Lawmakers last spring voted to put a list of major education projects before the voters in the form of general obligation bonds. It's an impressive list that stretches from Southeast to Kenai, Anchorage, Mat-Su, Fairbanks and the Yukon-Kuskokwim Delta.
The most expensive projects are the life sciences building and lab at the University of Alaska Fairbanks ($88 million) and the community arena and athletic facility at the University of Alaska Anchorage ($60 million).
Both are top priorities of those campuses. UA also gains with an art and learning center at the Mat-Su campus ($23.5 million), student housing and a career and technical education center at Kenai Peninsula College ($30.5 million) and campus renovations at Prince William Sound Community College in Valdez ($5 million).
In addition, worn-out K-12 schools in Alakanuk, Kipnuk and Kwigillingok will be replaced ($128.5 million).
That's a sticker-shock inducing price tag for the village schools, but Alaskans know that the cost of construction in rural Alaska runs higher than in urban areas, and the state is obliged to provide safe, functioning schools.
Other projects include a pool for Mount Edgecumbe High School, a new home for the state library, archives and museum, a Fish and Game fisheries research center at Near Island in Kodiak and planning for a vocational educational center in Klawock.
The UAA arena is of particular interest in Anchorage and has the support of both Mayor Dan Sullivan and the Assembly. The arena will give both the university and city a new athletic and public event venue -- bigger than the Wells Fargo Sports Center, smaller than the Sullivan Arena. The new arena will allow far more team, student and community use than the current 30-year-old center can support. UAA has the smallest on-campus athletic facility in the Great Northwest Conference, despite having the second-largest enrollment of the 10 schools.
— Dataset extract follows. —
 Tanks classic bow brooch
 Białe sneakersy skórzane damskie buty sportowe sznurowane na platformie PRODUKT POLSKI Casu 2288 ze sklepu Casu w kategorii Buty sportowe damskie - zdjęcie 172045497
A McDowell Group study prepared for UAA concluded that demand at the sports center runs from 4,500-5,000 people per week, while the facilities there can accommodate 2,000 people per week. User groups now turned away from the sports center and the Wendy Williamson Auditorium would find a space in the new arena.
Both Anchorage and UAA have grown dramatically since the current sports center opened in the late '70s. A new UAA arena is not an example of "build it and they will come." They're already here, and waiting.
Given that lawmakers last spring passed a $3 billion capital budget, why go to the voters for a bond?
One reason was that lawmakers wanted to let Alaska voters decide how much they wanted to invest in new education facilities. Another is that even with the state's surplus, bonding makes financial sense. Unlike city bonds, these won't increase any property taxes. And low interest rates make them a good investment now.
This is a big investment in the state's educational system. But it's an investment in long-term facilities that will provide both short- and long-term jobs. Better yet, they'll still be serving our students and communities long after the bonds are retired. It's a good vote.
BOTTOM LINE: Yes on Prop B for schools from K-12 through the university.